# Exercise brief:
In the listing below, locate the line containing "Lekkie techniczne rękawice" and copy it and every line after it through the end, exactly as written, leaving out any pictures.

# Input for this task:
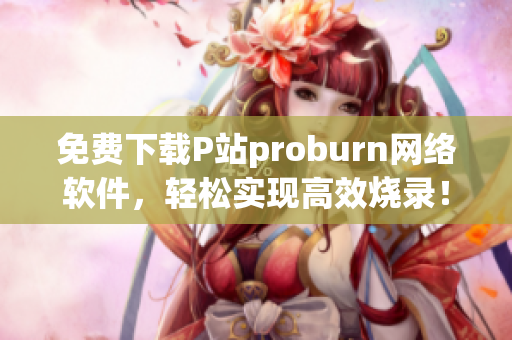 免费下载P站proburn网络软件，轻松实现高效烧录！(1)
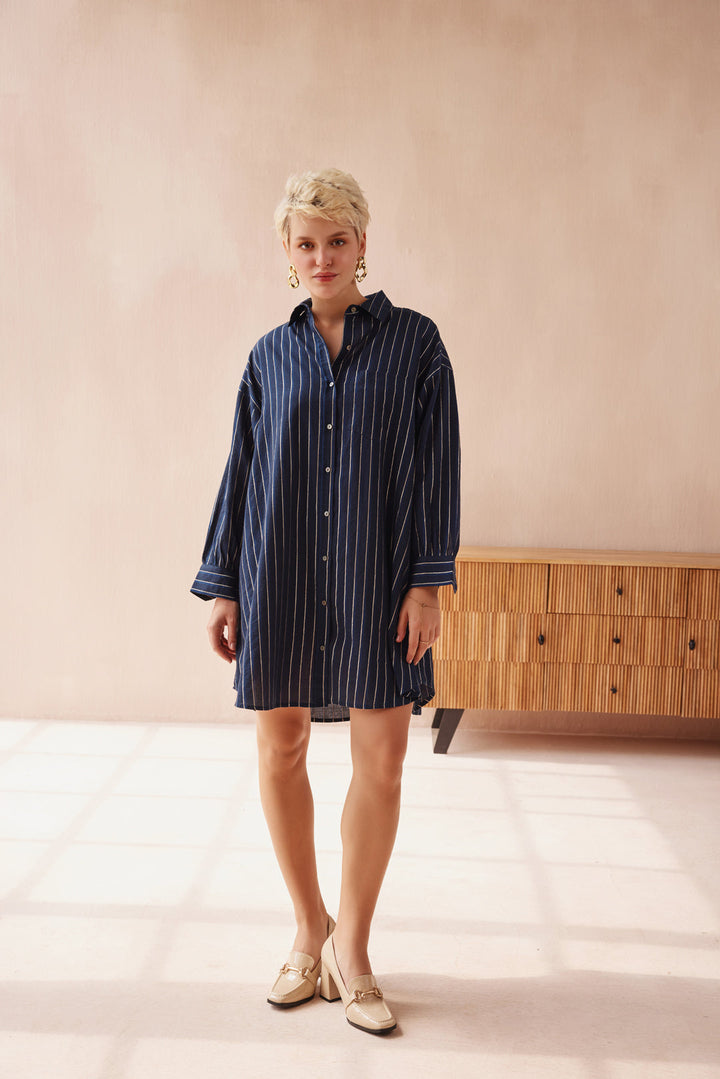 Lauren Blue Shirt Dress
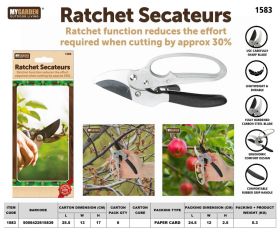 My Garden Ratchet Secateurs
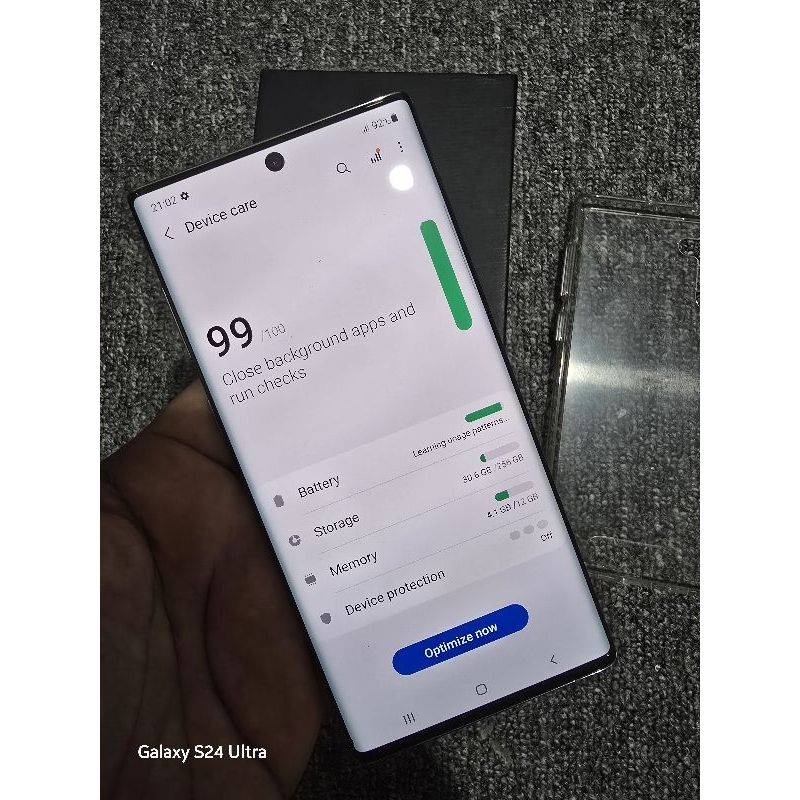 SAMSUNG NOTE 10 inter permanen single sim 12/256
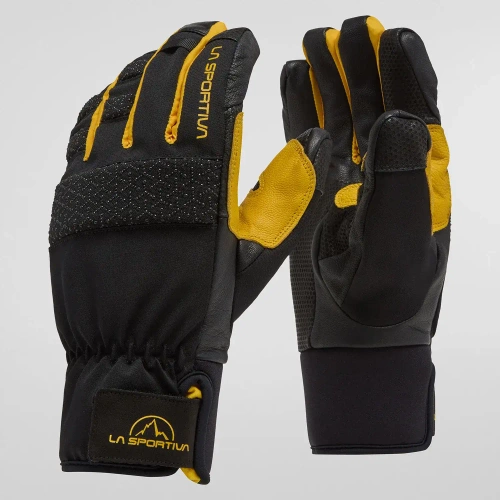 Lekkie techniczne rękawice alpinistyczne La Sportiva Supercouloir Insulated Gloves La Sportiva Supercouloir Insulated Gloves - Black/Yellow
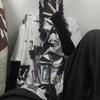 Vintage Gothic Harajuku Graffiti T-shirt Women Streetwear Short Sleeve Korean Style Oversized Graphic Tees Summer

# Task response:
 Lekkie techniczne rękawice alpinistyczne La Sportiva Supercouloir Insulated Gloves La Sportiva Supercouloir Insulated Gloves - Black/Yellow
 Vintage Gothic Harajuku Graffiti T-shirt Women Streetwear Short Sleeve Korean Style Oversized Graphic Tees Summer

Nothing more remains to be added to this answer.